Thanks for all responses. I'm going to replace the stock hoods with hudz & see how that goes. Personally I have no issues with double tap. Its just the shifter body ergonomics are not as comfortable for me compared to shimano or campy. Hopefully the new hoods will help.


----------



## natedg200202 (Sep 2, 2008)

Shifter.


----------



## MarvinK (Feb 12, 2002)

Hudz have the same gap... original Force & Rival didn't have as big of gap, but Red and all the newer Zero Loss shifters do. It really bothered me initially (especially since my old Force stuff didn't have it), but I have since gotten used to it. You could probably put a small piece of foam or something in there... but I don't think you'll notice any difference with Hudz (I have 2 bikes with them for color reasons--one with SRAM)


----------



## gamara (May 20, 2002)

MarvinK said:


> Hudz have the same gap... original Force & Rival didn't have as big of gap, but Red and all the newer Zero Loss shifters do. It really bothered me initially (especially since my old Force stuff didn't have it), but I have since gotten used to it. You could probably put a small piece of foam or something in there... but I don't think you'll notice any difference with Hudz (I have 2 bikes with them for color reasons--one with SRAM)
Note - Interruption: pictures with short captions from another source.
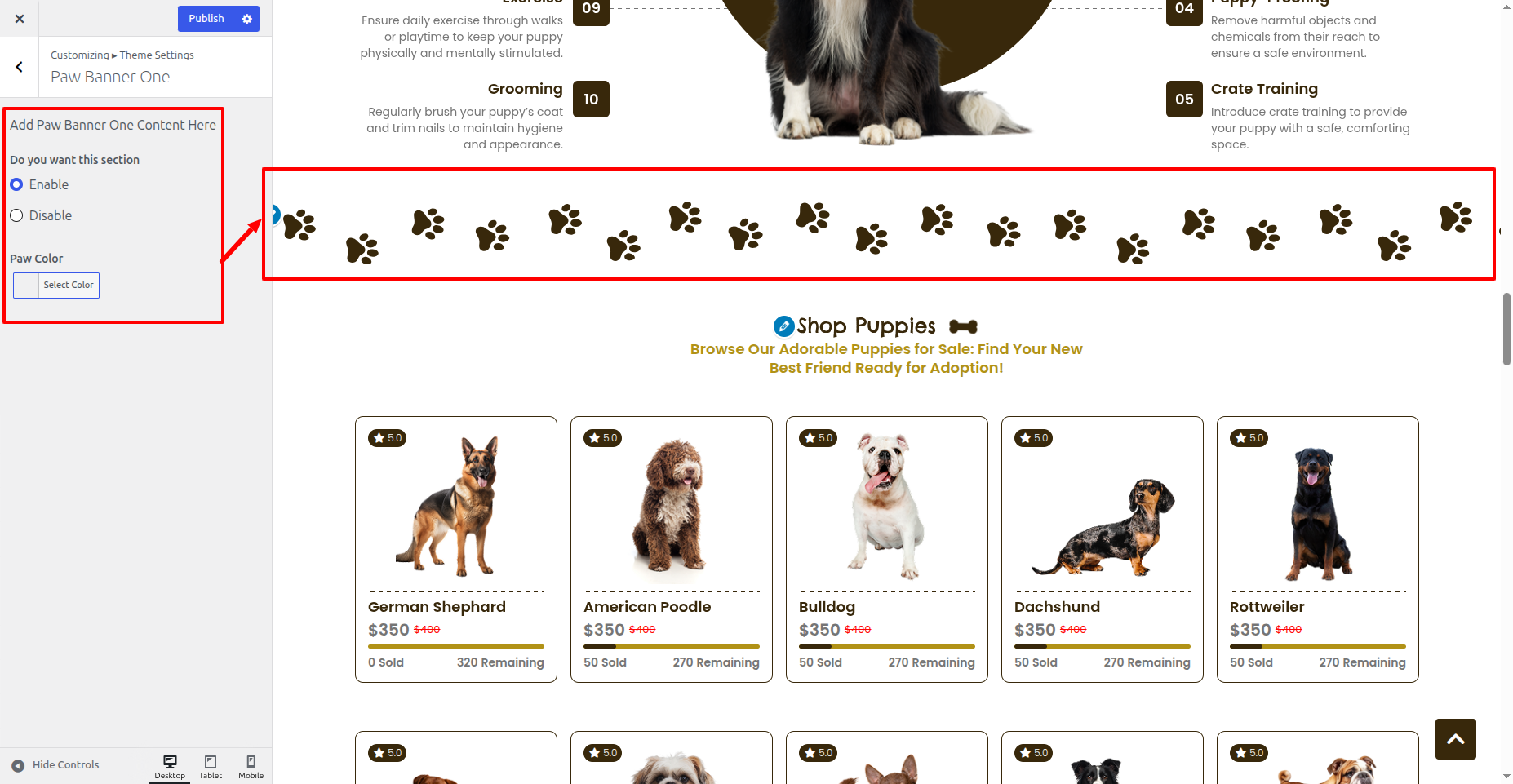 Paw Banner One Customizer Settings
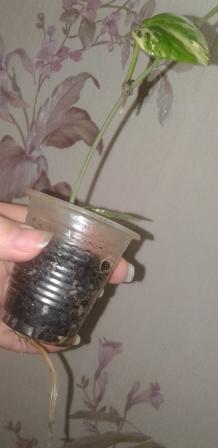 20161124_140749.jpg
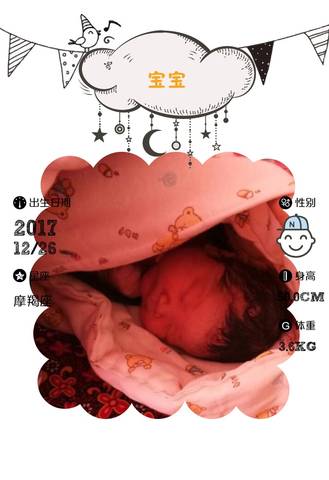 journal_insert_pic_912995593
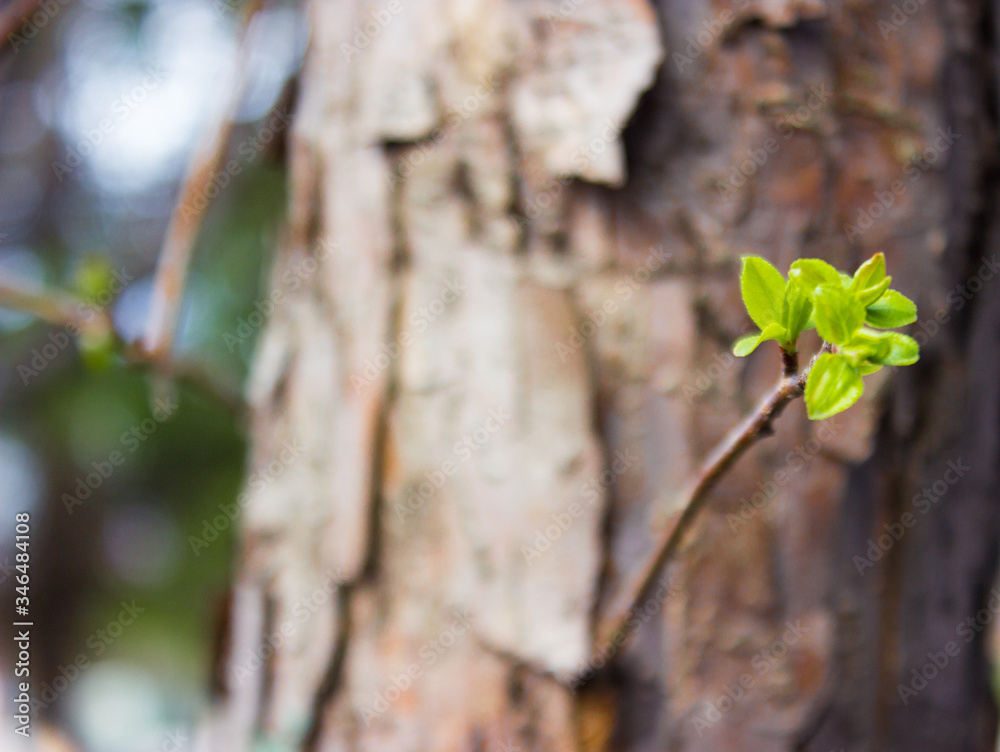 a young new branch growing from the trunk of a tree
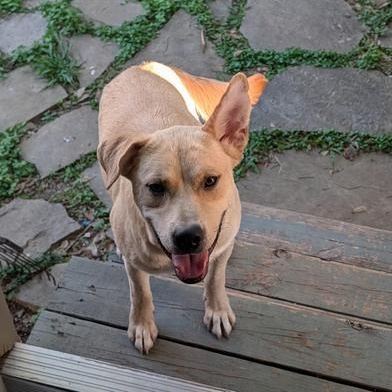 Enlarge Happy Jack, an adopted Labrador Retriever in Indianapolis, IN image 2/6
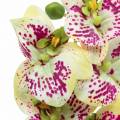 Floristik24 Dirbtinė orchidėjos šakelė Phaelaenopsis Green Pink H49cm
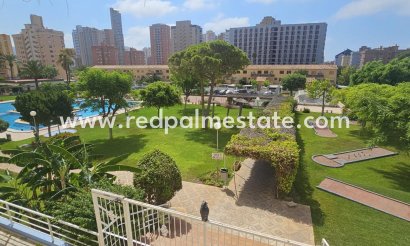 Appartements - Revente - Benidorm - Benidorm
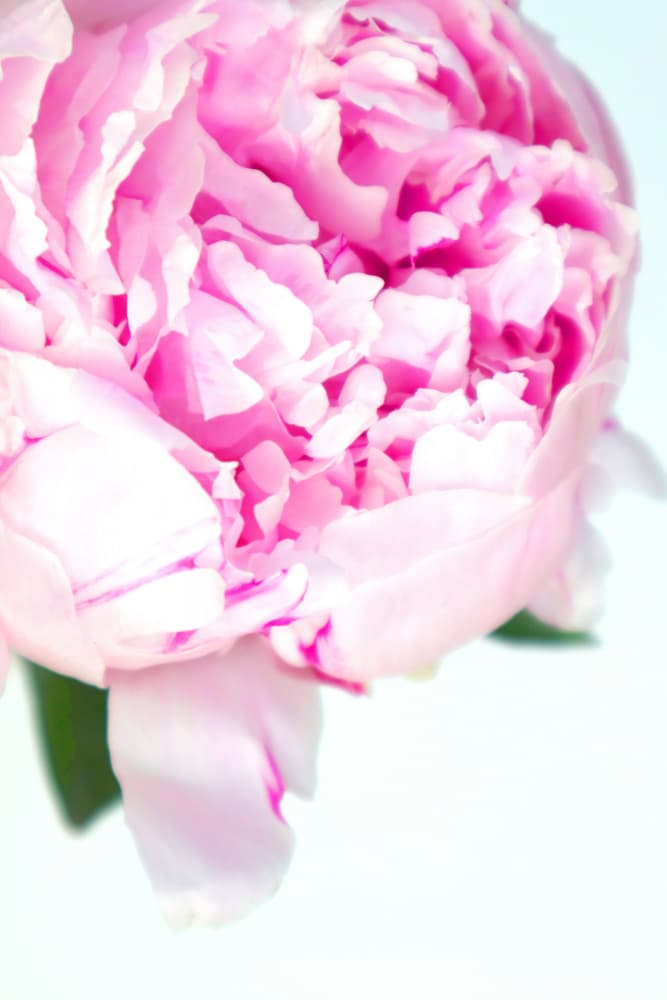 Soft Pink Peony by Rosana Laiz Blursbyai — canvas wall art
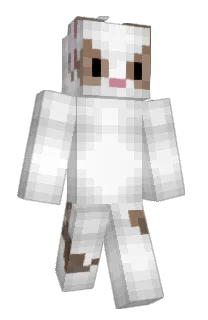 Front of Yolebsito's skin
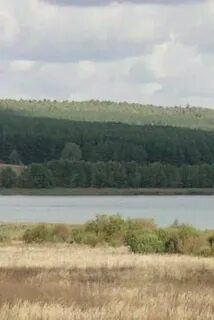 Приозерное нижегородская область богородский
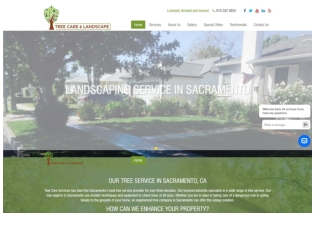 Expert Tree Trimming in Sacramento for Healthier Trees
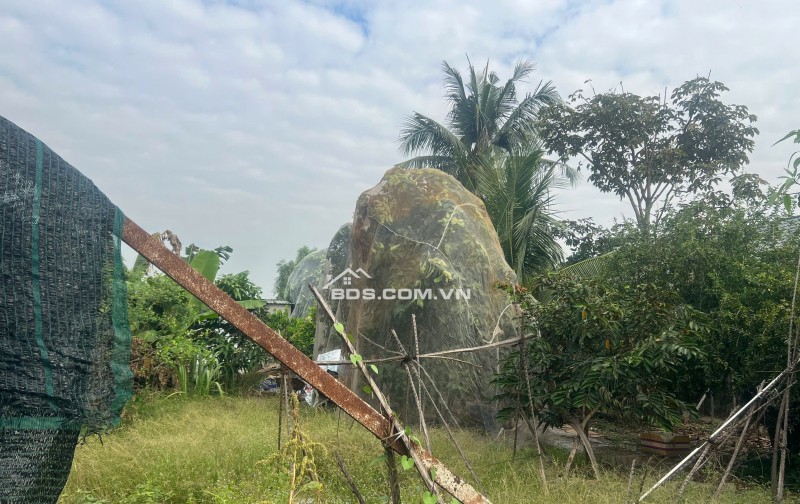 Cần bán 4006m2 đất vườn đường nhựa gần khu nhiều Bệnh viên nhi đồng TP hơn 1km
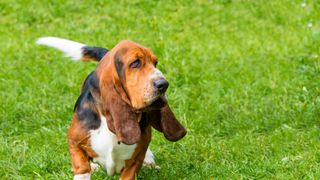 Basset hound standing in grass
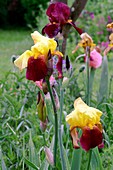 Irises (Iris germanica 'Accent')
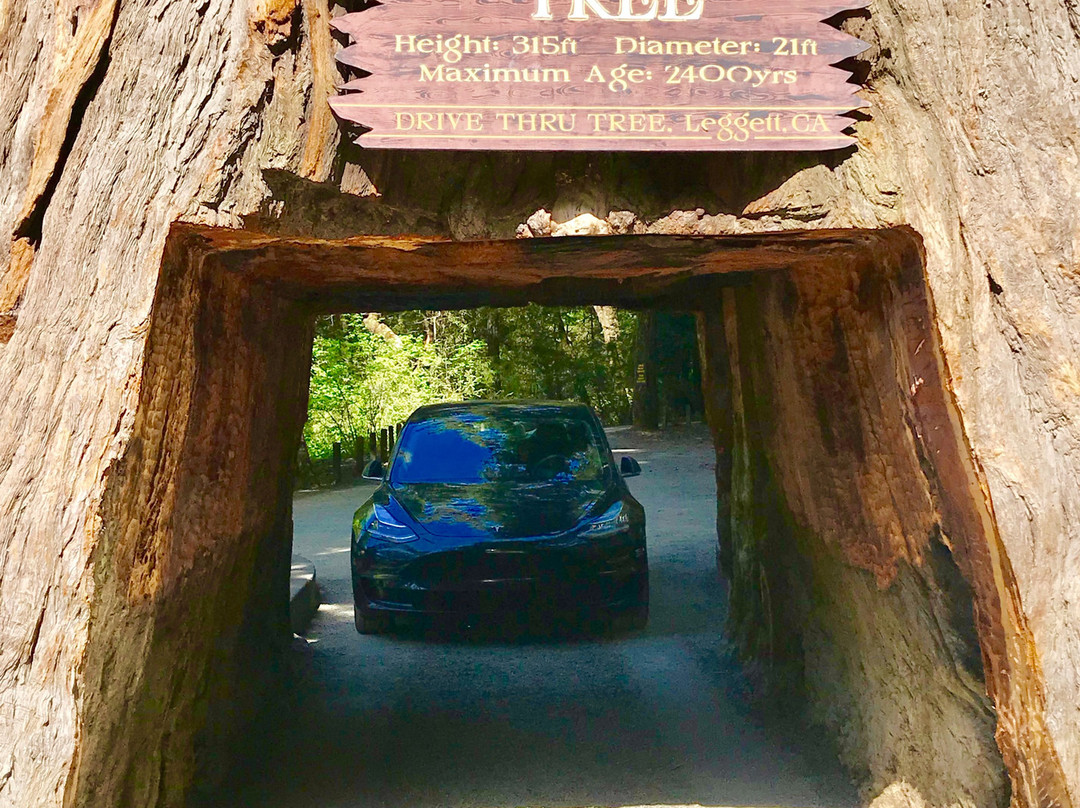 The Mendocino Tree景点图片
Interesting. Is the rubber material that hudz uses softer than the sram hoods? Do you find them more comfortable? I find that the stock hoods to be harder than I what I would like them to be. 

Its interesting to me that when I researched the force shifters that there was no mention of the empty spot on the shifters by anyone. Maybe its not as big a deal to others but when I think ergonomics, it shouldn't be me that is required to adapt to them.


----------



## asad137 (Jul 29, 2009)

gamara said:


> Its interesting to me that when I researched the force shifters that there was no mention of the empty spot on the shifters by anyone. Maybe its not as big a deal to others but when I think ergonomics, it shouldn't be me that is required to adapt to them.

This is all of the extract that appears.